The CTBO is a supply-side mitigation policy that would require fossil fuel extractors and importers to dispose safely and permanently of the CO2 the fuel generates, starting with a low fraction and rising to 100 per cent by the year of net-zero CO2. This could provide a path to net-zero emissions by targeting a single industry, if enforced consistently and to include emissions generated by products sold.
“Despite the perceived high cost of carbon dioxide capture and storage, we show that the cost to the world economy of a CBTO, even if entirely passed on to fossil fuel consumers, is no higher than the cost of mitigation in conventional scenarios meeting similar goals driven by a global carbon price,” said Stuart Jenkins, Oxford graduate student and lead author of the Joule study.

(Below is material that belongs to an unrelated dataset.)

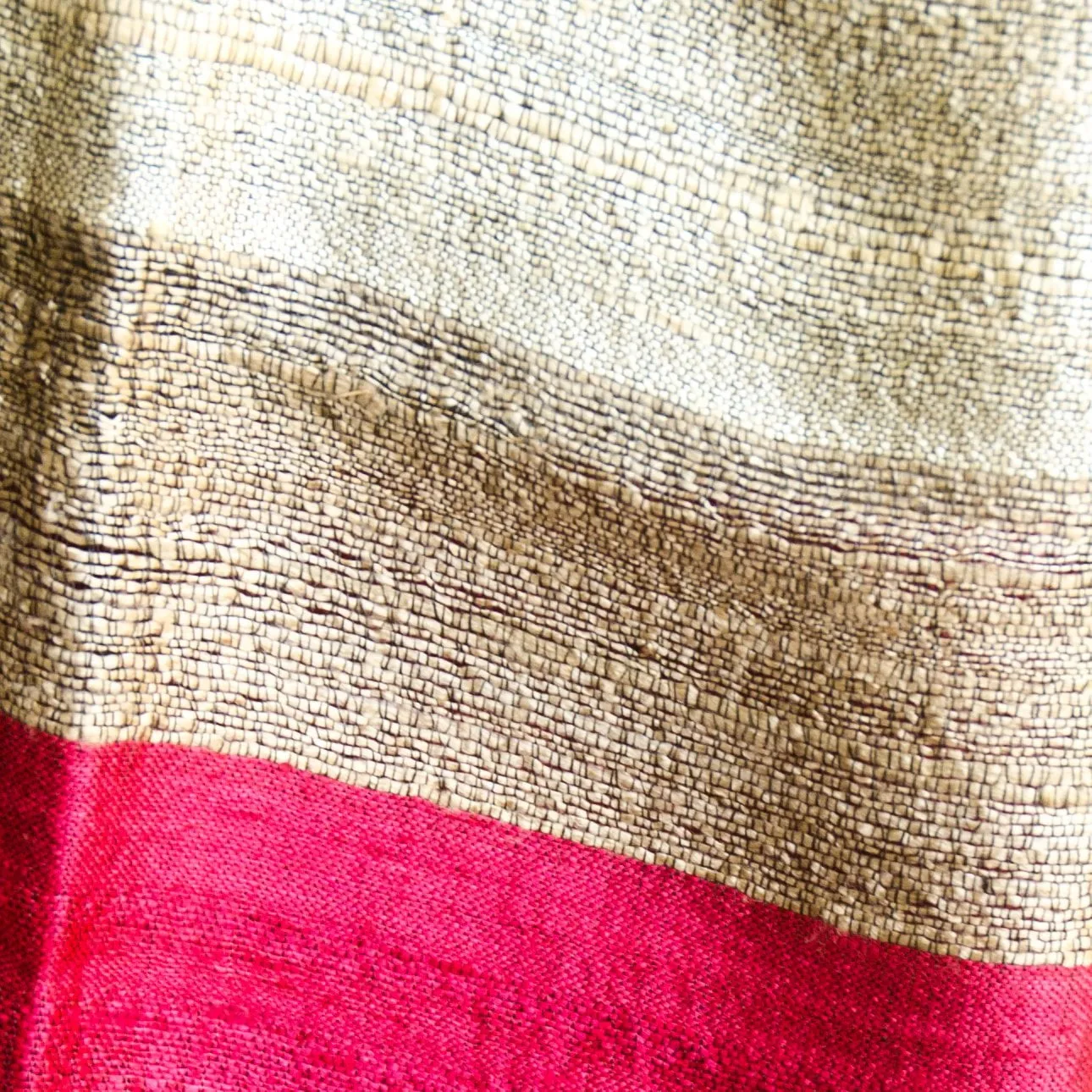 Bihari Raw Silk Scarf - Red & Golds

The researchers used an integrated assessment model emulator to compare the CTBO to conventional demand-side mitigation policy, and found a globally enforced CTBO to be comparable in cost to similar ambition scenarios which mostly lean on demand-side measures (simulated by a global carbon price). Compared with the latter, the CTBO – with equivalent carbon prices capped by cost of carbon capture and storage - has the advantages of simple governance, speed, and controllability.

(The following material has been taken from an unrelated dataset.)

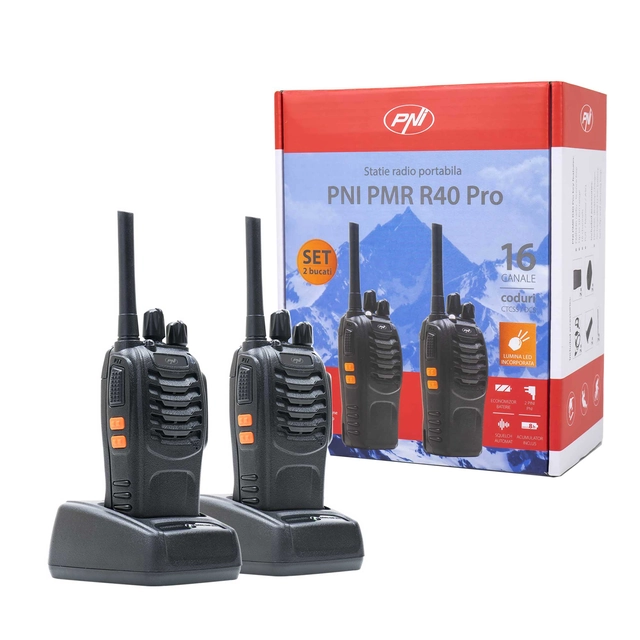Kit 6 portable radio stations PNI PMR R40 PRO batteries, chargers and headphones included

In particular, CTBO combined with conventional demand-side measures provide a low-risk pathway to meet the Paris Agreement target of no more than 1.5°C of warming; this would ensure early emissions reduction and a rapid scale-up in carbon capture and storage. The study advised that supply-side measures like the CTBO should be seriously considered, as they may be more politically viable than the demand-side measures favoured by most governments.

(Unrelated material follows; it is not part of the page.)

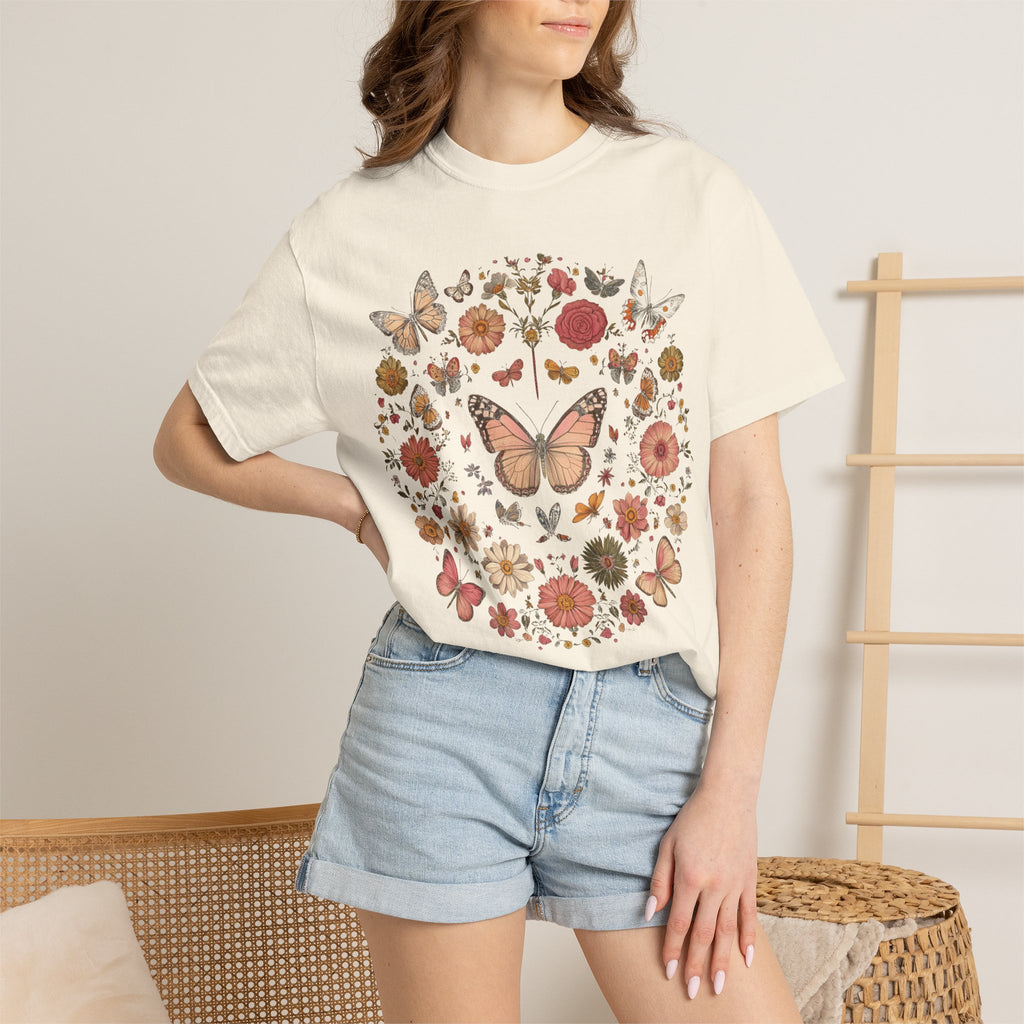 Vintage Butterfly Tee - Unisex Cotton T-Shirt | Soft Garment Dyed Shirt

At present, permanent CO2 capture and storage has attracted insufficient investment to scale up, currently deployed capture approximately 0.1 per cent of emissions from energy and industrial processes.
Professor Stuart Haszeldine of the University of Edinburgh, a co-author of the report, said: “Investment in carbon capture and storage has, to date, been dependent on state subsidies, and consistently far below what is required to meet Paris climate goals. [CTBO] provides the fossil fuel industry itself with the strongest possible incentive to make amends: survival.”
Oxford’s Professor Myles Allen, another co-author, added: “[CTBO] has consistently been dismissed by the climate policy establishment as much more expensive and risky than the alternative of driving down consumption by changing consumer behaviour or through a global carbon price. But these options are hardly risk-free. Getting to net zero means carbon prices rising to $1000 per tonne of CO2 by 2050: 100 times the hike that brought out the gilets jaunes.”
Margriet Kuijper, a carbon capture and storage expert not involved with the research, said of the work: “A [CTBO] as proposed in this paper will provide a safety net to make sure we achieve net zero emissions even if we don’t manage to reduce the use of fossil fuels quickly enough. It extends the responsibility of producers to take care of the waste generated by the use of their products. The polluter pays to clean up. And the costs are included in the product price. As it should be.”
Meanwhile, a survey released by Microsoft and Goldsmiths, University of London, has found that just four in ten businesses say they are on track to comply with UK climate change targets to reach net-zero CO2 emissions by no later than 2050. Three quarters of organisations said they had “one foot in and one foot out” on sustainability.